排出量算定

【30秒で聴ける!】2026年CDPの質問書の変更点とは

2026-06-18
2026年のCDP質問書の変更点について解説する記事

専門家の視点

CDPの質問書変更という「物語」(フレームの更新)自体が注目を集めていますが、実体として問われているのは企業の「気候変動対応の質」の進化です。2026年版では、おそらく森林や水といった従来のテーマに加え、自然関連財務情報開示タスクフォース(TNFD)との整合性や、バリューチェーン全体でのスコープ3排出量の詳細な開示要求が強まると予想されます。
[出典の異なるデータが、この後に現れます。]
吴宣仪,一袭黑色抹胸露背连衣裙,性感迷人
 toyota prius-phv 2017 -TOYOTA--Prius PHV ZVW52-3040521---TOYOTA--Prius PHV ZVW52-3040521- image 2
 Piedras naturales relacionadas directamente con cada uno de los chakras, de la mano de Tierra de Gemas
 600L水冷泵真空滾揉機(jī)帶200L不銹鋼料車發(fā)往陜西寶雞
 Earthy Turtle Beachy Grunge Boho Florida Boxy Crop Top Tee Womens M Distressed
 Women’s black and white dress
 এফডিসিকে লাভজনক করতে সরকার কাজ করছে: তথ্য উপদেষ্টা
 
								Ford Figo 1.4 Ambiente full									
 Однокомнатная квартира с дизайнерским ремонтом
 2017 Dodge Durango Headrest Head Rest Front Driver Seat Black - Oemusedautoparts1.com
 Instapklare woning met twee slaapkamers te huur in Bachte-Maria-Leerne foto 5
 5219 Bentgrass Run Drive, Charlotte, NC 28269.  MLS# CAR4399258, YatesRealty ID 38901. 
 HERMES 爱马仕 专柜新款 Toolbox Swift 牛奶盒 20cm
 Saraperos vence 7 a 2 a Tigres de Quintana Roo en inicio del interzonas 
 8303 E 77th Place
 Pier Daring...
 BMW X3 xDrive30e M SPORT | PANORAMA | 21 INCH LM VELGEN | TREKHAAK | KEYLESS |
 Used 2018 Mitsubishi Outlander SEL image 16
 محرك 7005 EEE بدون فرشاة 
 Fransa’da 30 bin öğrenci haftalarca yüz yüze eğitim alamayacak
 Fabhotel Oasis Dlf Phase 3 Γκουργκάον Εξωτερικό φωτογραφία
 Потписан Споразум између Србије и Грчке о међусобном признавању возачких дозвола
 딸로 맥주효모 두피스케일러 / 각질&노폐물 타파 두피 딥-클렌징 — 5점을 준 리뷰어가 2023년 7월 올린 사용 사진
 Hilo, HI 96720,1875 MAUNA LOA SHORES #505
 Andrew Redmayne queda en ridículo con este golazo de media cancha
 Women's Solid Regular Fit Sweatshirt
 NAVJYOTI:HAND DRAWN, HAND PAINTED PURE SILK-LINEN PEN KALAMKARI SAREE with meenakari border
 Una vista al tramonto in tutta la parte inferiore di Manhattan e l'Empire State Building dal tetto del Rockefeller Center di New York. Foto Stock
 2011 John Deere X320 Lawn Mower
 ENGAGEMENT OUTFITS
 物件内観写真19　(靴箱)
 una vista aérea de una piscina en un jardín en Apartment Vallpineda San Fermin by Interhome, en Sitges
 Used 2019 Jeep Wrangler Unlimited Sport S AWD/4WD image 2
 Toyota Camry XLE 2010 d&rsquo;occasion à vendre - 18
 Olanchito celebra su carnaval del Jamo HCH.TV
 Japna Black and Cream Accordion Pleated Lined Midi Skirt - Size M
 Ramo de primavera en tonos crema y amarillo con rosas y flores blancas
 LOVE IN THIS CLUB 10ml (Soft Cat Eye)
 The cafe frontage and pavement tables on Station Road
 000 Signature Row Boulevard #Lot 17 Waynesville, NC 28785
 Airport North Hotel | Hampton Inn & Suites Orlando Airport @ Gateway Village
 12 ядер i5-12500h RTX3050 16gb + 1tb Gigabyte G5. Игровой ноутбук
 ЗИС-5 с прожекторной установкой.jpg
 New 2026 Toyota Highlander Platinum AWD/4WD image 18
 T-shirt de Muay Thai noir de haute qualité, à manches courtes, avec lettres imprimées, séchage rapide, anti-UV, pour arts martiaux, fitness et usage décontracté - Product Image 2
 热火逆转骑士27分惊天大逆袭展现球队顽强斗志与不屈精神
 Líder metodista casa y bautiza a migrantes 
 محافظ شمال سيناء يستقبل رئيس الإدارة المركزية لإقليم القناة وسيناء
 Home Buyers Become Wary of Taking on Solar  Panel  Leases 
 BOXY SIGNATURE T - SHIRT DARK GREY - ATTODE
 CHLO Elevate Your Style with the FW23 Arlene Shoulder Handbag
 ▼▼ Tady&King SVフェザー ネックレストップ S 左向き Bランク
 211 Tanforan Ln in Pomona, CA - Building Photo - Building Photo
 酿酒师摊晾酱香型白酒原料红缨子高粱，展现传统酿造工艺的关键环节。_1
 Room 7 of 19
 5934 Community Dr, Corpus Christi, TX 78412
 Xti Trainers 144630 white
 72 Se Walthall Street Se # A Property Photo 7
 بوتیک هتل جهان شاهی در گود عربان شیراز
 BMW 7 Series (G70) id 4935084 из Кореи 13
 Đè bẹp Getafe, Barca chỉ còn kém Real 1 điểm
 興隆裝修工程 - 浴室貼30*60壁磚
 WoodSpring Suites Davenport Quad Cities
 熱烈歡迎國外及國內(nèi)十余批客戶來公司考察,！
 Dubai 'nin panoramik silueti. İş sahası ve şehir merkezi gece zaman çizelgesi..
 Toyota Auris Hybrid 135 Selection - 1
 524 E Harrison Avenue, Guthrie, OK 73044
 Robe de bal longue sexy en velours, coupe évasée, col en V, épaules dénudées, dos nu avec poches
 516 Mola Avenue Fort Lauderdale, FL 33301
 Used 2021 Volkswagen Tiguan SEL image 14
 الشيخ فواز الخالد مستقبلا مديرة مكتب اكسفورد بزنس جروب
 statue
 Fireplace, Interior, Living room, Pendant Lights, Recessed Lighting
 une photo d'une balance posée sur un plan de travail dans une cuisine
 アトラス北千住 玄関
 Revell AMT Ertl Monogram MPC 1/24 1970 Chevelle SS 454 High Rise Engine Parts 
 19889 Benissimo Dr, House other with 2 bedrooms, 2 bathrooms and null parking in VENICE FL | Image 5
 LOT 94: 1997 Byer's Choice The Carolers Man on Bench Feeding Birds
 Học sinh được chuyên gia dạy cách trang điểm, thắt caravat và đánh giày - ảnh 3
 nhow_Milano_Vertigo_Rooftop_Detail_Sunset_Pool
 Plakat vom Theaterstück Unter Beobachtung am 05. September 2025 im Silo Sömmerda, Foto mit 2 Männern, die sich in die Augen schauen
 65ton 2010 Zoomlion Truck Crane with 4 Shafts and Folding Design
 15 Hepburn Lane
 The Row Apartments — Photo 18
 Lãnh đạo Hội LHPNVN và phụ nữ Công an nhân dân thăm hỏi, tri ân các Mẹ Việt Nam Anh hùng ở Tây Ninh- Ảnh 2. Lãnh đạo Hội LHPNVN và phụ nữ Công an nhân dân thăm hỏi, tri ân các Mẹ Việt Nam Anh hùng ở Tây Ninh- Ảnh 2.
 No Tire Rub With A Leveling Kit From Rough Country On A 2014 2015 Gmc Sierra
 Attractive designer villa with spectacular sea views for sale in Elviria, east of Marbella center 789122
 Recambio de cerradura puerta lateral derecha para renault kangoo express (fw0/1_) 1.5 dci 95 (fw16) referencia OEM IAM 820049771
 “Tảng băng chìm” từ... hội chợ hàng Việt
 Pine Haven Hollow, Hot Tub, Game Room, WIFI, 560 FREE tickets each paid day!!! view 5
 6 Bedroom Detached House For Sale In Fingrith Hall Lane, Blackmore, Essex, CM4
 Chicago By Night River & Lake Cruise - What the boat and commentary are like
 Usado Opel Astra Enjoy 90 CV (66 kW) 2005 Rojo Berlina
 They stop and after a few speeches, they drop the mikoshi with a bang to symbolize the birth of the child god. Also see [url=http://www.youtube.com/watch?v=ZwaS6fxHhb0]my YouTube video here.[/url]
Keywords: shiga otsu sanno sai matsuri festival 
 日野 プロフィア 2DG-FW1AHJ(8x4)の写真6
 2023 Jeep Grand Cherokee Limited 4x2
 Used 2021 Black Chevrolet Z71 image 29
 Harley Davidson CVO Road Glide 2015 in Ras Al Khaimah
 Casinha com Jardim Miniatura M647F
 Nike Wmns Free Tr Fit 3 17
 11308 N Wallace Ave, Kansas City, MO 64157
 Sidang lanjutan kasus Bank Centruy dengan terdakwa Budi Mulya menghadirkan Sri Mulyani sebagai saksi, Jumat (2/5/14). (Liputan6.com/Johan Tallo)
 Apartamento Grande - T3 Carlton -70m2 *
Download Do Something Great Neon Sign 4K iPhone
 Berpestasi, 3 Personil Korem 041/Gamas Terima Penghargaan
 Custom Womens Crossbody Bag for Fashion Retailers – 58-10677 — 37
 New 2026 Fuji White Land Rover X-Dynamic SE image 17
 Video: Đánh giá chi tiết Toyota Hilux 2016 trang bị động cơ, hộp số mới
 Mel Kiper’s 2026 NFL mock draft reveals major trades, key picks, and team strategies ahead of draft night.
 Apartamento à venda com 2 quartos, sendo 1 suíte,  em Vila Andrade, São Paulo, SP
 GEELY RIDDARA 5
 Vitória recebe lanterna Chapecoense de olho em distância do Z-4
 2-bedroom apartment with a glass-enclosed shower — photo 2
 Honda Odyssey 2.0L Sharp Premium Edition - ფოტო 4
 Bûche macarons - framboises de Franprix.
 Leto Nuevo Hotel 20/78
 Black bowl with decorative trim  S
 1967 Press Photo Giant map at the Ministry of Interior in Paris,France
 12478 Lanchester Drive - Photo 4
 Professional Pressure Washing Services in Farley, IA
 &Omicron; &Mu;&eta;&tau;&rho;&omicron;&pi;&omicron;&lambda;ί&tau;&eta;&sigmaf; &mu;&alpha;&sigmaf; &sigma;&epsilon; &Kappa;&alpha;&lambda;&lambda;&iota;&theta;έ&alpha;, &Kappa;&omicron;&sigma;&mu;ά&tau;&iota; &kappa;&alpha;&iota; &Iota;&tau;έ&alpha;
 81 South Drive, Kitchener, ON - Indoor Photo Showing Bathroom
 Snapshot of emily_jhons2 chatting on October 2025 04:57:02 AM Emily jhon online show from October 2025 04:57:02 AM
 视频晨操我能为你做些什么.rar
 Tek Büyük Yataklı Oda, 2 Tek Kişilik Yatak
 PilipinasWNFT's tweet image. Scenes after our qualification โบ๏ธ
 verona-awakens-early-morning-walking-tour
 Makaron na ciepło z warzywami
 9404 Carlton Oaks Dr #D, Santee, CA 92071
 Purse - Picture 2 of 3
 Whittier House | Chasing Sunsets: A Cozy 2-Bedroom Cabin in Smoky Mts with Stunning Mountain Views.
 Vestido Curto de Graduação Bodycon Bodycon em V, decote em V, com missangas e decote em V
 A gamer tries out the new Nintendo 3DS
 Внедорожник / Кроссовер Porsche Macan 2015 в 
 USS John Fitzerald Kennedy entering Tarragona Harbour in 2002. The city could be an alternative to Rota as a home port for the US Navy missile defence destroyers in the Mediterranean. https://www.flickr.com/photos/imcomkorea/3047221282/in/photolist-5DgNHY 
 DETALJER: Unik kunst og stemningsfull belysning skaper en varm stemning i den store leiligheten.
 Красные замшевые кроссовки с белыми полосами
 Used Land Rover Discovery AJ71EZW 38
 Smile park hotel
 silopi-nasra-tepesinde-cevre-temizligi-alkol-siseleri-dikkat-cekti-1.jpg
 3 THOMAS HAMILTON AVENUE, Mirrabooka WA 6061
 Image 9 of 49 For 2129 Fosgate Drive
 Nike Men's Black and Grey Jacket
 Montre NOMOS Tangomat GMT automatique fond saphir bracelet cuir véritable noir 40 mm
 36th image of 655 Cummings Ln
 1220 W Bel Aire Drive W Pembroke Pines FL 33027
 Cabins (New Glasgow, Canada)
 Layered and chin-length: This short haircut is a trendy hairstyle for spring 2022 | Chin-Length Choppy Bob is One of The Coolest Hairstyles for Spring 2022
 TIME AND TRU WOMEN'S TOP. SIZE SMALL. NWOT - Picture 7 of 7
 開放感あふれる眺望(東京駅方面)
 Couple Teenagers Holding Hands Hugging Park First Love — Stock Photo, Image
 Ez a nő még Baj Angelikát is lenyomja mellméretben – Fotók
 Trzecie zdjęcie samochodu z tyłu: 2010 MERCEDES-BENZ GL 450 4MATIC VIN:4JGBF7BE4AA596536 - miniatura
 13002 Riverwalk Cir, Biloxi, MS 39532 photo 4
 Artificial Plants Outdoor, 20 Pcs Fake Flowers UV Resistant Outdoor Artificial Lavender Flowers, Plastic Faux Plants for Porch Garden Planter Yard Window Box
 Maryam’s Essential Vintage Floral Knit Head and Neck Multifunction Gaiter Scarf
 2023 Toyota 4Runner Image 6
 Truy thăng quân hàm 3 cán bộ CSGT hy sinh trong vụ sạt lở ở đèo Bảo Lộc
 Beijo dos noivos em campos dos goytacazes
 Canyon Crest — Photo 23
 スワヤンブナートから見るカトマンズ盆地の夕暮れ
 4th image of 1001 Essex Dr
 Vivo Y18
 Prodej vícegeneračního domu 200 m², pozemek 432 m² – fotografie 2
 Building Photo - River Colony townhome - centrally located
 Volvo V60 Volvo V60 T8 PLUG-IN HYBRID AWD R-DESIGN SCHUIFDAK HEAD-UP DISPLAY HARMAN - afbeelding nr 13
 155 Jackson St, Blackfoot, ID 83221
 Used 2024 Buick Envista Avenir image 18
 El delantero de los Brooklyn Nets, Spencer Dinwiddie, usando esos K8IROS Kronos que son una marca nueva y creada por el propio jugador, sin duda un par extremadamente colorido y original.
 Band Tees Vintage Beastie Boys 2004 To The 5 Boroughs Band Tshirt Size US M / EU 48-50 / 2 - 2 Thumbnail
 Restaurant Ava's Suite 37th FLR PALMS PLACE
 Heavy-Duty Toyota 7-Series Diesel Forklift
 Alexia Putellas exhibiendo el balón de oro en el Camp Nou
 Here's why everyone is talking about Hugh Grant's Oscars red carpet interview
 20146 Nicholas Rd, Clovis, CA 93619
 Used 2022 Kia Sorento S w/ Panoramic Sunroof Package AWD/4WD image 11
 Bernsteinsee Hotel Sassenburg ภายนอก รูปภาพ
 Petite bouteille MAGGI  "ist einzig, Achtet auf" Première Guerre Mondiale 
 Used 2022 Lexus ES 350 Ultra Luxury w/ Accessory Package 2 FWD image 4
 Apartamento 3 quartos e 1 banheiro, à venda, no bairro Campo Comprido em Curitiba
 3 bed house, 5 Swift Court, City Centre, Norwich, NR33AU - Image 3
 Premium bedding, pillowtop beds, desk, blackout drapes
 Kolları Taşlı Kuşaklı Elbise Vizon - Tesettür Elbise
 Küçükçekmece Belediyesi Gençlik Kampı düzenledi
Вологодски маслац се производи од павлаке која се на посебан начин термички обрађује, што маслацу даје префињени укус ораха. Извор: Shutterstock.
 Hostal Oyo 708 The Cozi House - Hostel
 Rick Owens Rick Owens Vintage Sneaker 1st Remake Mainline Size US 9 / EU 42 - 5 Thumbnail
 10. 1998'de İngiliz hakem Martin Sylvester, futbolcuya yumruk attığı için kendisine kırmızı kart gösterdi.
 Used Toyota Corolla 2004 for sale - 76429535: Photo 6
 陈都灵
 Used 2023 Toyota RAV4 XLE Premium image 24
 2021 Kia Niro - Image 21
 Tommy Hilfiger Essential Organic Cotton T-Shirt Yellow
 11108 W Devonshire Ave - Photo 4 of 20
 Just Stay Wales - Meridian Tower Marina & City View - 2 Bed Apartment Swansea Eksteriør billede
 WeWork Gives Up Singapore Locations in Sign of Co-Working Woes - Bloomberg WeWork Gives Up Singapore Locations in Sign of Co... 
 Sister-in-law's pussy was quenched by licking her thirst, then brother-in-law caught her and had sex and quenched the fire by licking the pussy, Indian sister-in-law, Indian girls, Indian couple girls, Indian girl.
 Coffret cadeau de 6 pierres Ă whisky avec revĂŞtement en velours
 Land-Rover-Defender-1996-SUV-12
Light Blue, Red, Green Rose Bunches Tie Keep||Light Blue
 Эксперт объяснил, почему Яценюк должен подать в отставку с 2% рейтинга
ここにあるのは「物語先走り」の構造です。変更点を追うこと自体は重要なのですが、肝心の「誰が」実際にデータを収集し、検証し、回答をまとめるのかという実行レイヤーが記事からは見えてきません。企業内部のサステナビリティ担当部門がすでに過剰な開示負荷に疲弊している現実を考慮すると、質問書の高度化が実質的な脱炭素行動の促進につながらないリスクも否定できません。隠れた前提は「開示の拡大が行動を促進する」という命題です。しかし、開示情報の質が向上しても、それを経営判断や投資行動に結びつける市場側の評価能力が追いついていなければ、企業の負担だけが増す結果になります。次の観測点は、CDP回答のスコアと企業の実際の排出削減量との相関が今後も維持されるかどうかです。